What you will do: Everything from the line containing "Close-up Of Red" through the line containing "Un couloir avec" should be repeated exactly, and nothing else from the data.

Data:
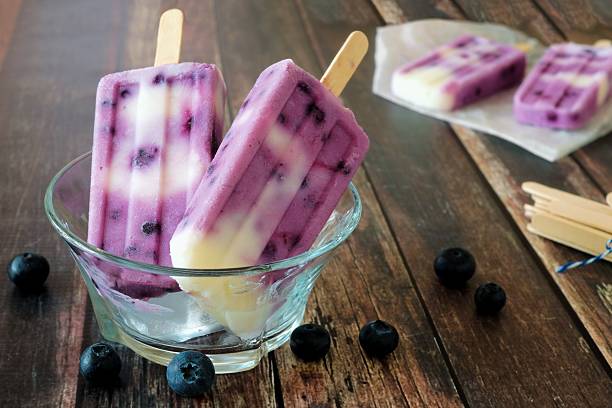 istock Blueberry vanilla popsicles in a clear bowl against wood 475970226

...

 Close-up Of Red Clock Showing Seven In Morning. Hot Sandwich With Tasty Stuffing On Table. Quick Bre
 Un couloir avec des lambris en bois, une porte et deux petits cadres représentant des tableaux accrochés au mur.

---

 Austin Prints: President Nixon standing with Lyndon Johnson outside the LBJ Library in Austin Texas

Task answer:
 Close-up Of Red Clock Showing Seven In Morning. Hot Sandwich With Tasty Stuffing On Table. Quick Bre
 Un couloir avec des lambris en bois, une porte et deux petits cadres représentant des tableaux accrochés au mur.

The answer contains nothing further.